Fitch Ratings has removed Mondelez International’s immediate risk of credit rating downgrade, despite debts of US$18.7 billion. The removal of Mondelez from Fitch’s negative watch-rating list follows the European Commission’s announcement on 5 May that it has approved Mondelez International’s merger with D.E Master Blenders 1753. The announcement from the European Union has meant D.E Master Blenders 1753 and Mondelēz International will combine their coffee businesses to create Jacobs Douwe Egberts (JDE). The approval came under the condition that Mondelez would sell its Carte Noire business in France, and that DEMB would sell its Merrild brand in Denmark and the Baltics, and license the Senseo brand to a third party in Austria. This was a result of the commission's concerns that the joint venture would bring together concumer brands which had previously been competing against one another.
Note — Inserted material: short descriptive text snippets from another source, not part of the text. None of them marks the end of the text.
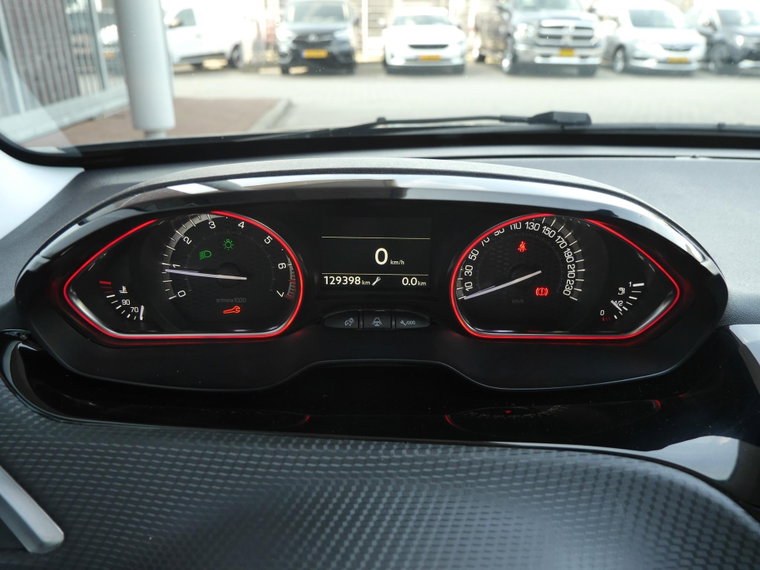 Vehicle Image 16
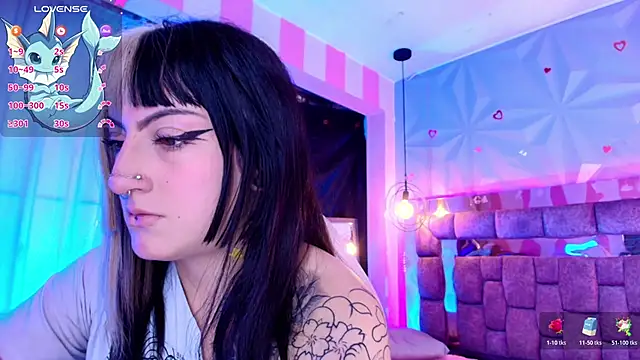 Snapshot of Candy_morgan412 chatting on April 2026 12:47:02 PM Candy morgan412 online show from April 2026 12:47:02 PM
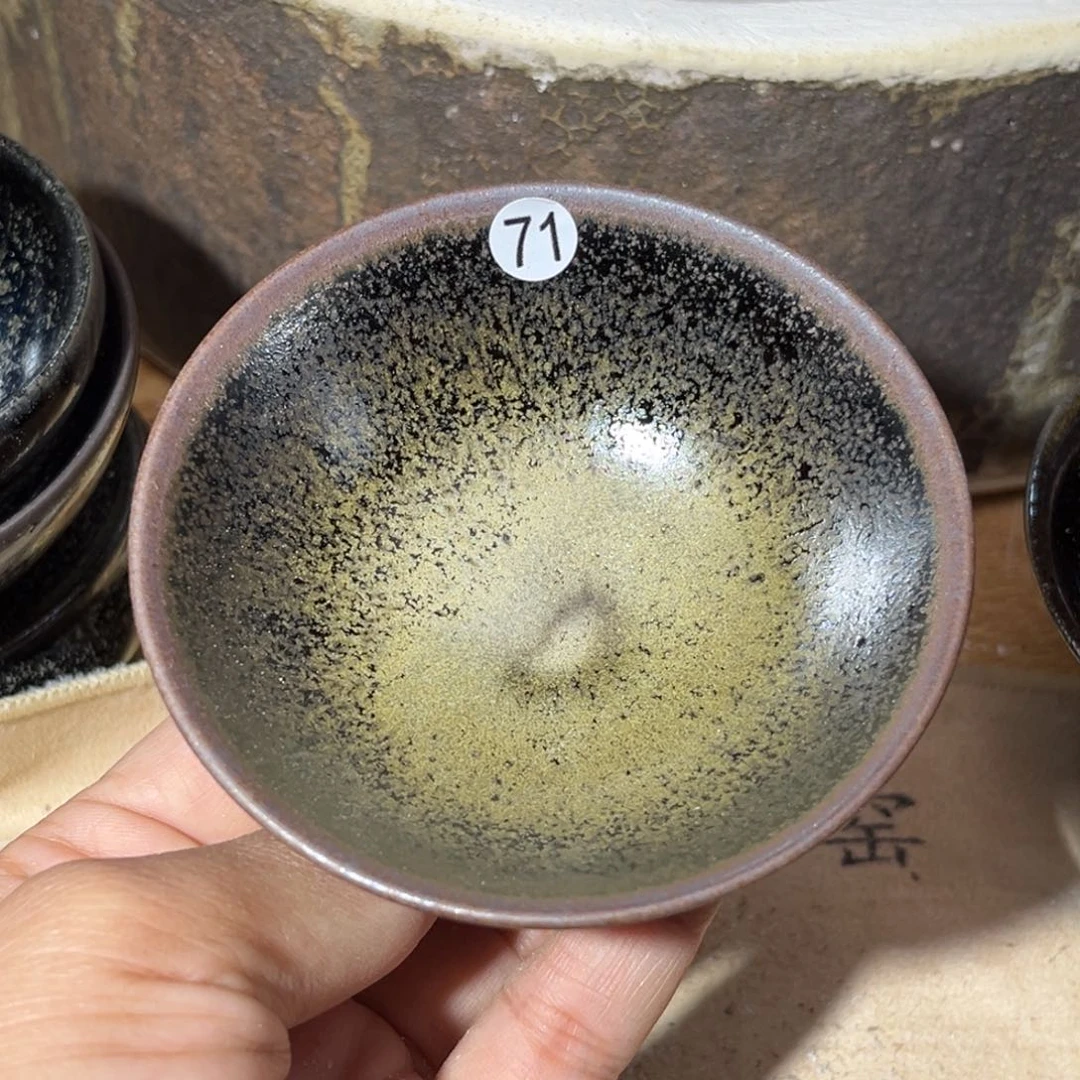 茶盏义兴龙窑坚持真柴烧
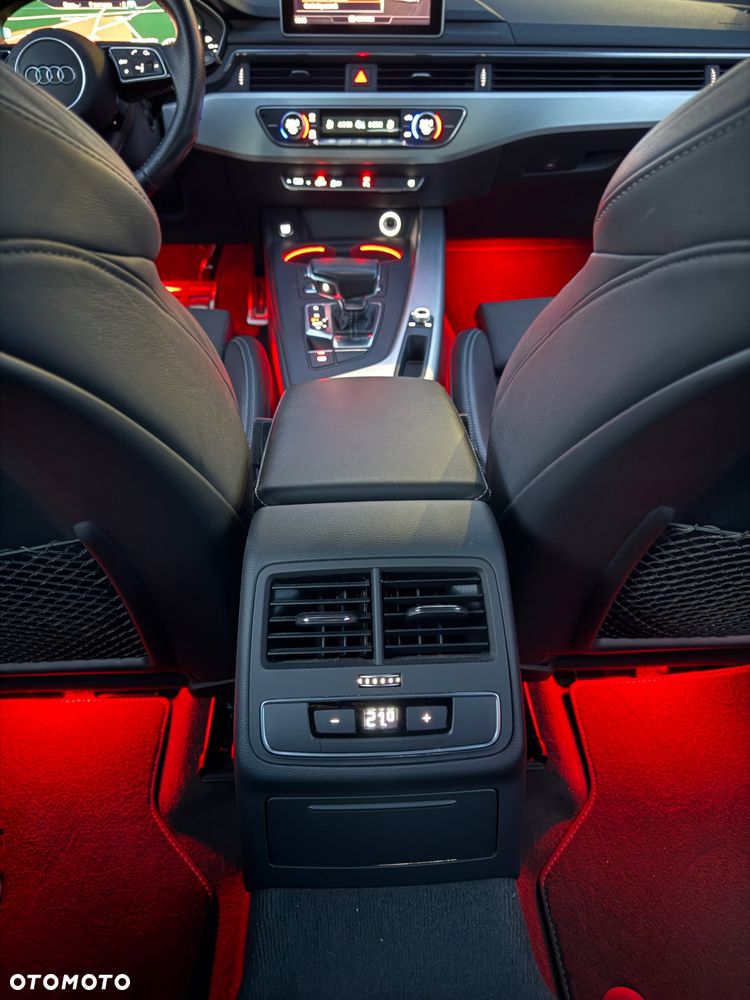 Audi A4 Avant 40 TFSI S tronic S line - 30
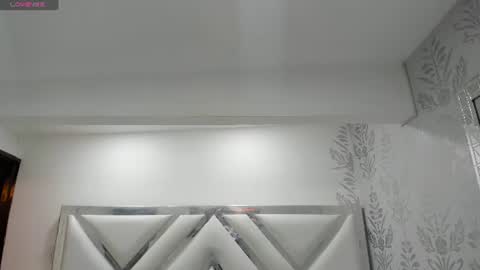 Khloe online show from 07-18-26, 03:54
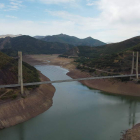 Embalse del pantano de Luna en el puente Fernández Casado, el pasado mes de septiembre. ARGÜELLO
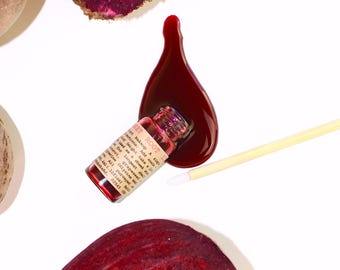 Beet Root Lip Stain . ultra natural vampire red tinted lip gloss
Had this come about remaining companies could have struggled to exert enough competitive pressure to avoid coffee price rises. JDE is projected to become a world leading pure-play coffee company with annual revenues of more than US$5.7 billion and an international workforce of approximately 12,000 people. JDE’s entities now comprise Jacobs, Tassimo, Moccona, Senseo and L'O. Acorn Holdings B.V. (AHBV), owner of D.E Master Blenders 1753 (DEMB), will hold a majority share in JDE and will have a majority of seats on the board. Current DEMB Chairman, Bart Becht, has been appointed as chair. AHBV is a member of the JAB Holding Company, a privately held affiliated group of entities which has a controlling stake in Peet’s Coffee and Tea and Caribou Coffee Company, among its portfolio. According to the Shareholders' Agreement, JDE will provide Mondelez at least US$198 million, pro-rated for the first year with at least US$227 million for the second year, at least US$255 million for the third year and 40 per cent of operating profit thereafter. Fitch Ratings said that if the new company leverages consistently in the mid to high range, with Free Cash Flow above US$1 billion annually this could support a positive rating action, however, it is not anticipating this in the near to intermediate term.